(Stored items)
________________

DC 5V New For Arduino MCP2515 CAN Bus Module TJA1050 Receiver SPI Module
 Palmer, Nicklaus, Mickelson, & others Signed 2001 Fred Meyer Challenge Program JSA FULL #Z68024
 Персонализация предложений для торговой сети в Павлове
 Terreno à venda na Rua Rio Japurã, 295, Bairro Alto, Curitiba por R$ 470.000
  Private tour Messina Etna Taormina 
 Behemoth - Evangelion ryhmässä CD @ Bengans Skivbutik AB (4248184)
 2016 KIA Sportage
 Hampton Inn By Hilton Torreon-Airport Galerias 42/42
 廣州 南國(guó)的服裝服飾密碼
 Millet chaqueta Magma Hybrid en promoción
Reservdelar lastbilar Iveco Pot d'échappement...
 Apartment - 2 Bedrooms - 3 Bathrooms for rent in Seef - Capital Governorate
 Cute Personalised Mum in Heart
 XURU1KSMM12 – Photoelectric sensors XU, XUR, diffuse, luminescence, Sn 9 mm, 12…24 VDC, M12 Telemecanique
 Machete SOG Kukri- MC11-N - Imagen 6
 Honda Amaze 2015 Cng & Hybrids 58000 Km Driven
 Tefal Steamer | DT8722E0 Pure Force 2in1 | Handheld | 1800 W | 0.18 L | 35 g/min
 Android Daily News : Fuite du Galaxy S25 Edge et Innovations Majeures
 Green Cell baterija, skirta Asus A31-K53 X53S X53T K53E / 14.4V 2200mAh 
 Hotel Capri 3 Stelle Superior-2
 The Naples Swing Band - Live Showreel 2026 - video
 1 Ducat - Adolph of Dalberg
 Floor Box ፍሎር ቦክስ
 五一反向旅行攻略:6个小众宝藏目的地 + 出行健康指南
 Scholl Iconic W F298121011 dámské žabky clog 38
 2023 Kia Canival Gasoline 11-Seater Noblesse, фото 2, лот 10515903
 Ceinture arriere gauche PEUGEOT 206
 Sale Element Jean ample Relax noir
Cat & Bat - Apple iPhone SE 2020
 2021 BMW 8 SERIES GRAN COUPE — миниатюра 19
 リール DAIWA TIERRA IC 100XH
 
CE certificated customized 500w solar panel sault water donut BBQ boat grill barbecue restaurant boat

________________

Nothing but the lines from the start of the data through the line holding "Millet chaqueta Magma Hybrid en promoción" should be restated, and each one exactly.

— TASK ANSWER —
DC 5V New For Arduino MCP2515 CAN Bus Module TJA1050 Receiver SPI Module
 Palmer, Nicklaus, Mickelson, & others Signed 2001 Fred Meyer Challenge Program JSA FULL #Z68024
 Персонализация предложений для торговой сети в Павлове
 Terreno à venda na Rua Rio Japurã, 295, Bairro Alto, Curitiba por R$ 470.000
  Private tour Messina Etna Taormina 
 Behemoth - Evangelion ryhmässä CD @ Bengans Skivbutik AB (4248184)
 2016 KIA Sportage
 Hampton Inn By Hilton Torreon-Airport Galerias 42/42
 廣州 南國(guó)的服裝服飾密碼
 Millet chaqueta Magma Hybrid en promoción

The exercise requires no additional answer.